A team of Hungarian scientists propose that the geysers' most visible features, dark dune spots and spider channels, may be colonies of photosynthetic Martian microorganisms, which over-winter beneath the ice cap, and as the sunlight returns to the pole during early spring, light penetrates the ice, the microorganisms photosynthesise and heat their immediate surroundings. A pocket of liquid water, which would normally evaporate instantly in the thin Martian atmosphere, is trapped around them by the overlying ice. As this ice layer thins, the microorganisms show through grey. When it has completely melted, they rapidly desiccate and turn black surrounded by a grey aureole.[68][69][70][71] The Hungarian scientists believe that even a complex sublimation process is insufficient to explain the formation and evolution of the dark dune spots in space and time.[72][73] Since their discovery, fiction writer Arthur C. Clarke promoted these formations as deserving of study from an astrobiological perspective.[74]

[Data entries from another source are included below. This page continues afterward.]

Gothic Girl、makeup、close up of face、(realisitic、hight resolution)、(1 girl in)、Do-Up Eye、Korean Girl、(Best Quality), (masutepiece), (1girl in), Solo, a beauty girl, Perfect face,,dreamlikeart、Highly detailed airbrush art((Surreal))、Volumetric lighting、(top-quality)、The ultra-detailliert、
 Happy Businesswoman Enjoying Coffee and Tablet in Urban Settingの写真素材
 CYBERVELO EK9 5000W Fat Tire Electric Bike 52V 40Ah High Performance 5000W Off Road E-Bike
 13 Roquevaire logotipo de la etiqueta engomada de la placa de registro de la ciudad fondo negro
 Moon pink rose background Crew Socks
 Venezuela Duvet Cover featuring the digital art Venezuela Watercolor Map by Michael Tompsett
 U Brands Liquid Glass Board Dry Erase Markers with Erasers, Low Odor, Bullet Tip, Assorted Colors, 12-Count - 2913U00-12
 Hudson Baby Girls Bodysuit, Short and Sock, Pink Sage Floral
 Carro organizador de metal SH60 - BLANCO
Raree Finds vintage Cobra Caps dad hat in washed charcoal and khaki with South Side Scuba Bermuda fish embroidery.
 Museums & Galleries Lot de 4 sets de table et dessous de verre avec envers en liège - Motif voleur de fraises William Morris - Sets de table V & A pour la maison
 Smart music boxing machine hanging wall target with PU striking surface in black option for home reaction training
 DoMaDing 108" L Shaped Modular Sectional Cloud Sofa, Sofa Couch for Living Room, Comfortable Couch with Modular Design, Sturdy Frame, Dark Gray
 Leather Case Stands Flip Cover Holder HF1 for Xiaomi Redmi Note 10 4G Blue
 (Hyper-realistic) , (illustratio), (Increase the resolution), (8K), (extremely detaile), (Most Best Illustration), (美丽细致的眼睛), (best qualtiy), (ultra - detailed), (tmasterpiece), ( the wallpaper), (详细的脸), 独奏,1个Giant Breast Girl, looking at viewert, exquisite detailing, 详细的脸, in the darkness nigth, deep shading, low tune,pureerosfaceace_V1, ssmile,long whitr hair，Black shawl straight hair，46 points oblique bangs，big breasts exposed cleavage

A multinational European team suggests that if liquid water is present in the spiders' channels during their annual defrost cycle, they might provide a niche where certain microscopic life forms could have retreated and adapted while sheltered from solar radiation.[75] A British team also considers the possibility that organic matter, microbes, or even simple plants might co-exist with these inorganic formations, especially if the mechanism includes liquid water and a geothermal energy source.[76] However, they also remark that the majority of geological structures may be accounted for without invoking any organic "life on Mars" hypothesis.[76]

Cosmic radiation

In 1965, the Mariner 4 probe discovered that Mars had no global magnetic field that would protect the planet from potentially life-threatening cosmic radiation and solar radiation; observations made in the late 1990s by the Mars Global Surveyor confirmed this discovery.[77] Scientists speculate that the lack of magnetic shielding helped the solar wind blow away much of Mars's atmosphere over the course of several billion years.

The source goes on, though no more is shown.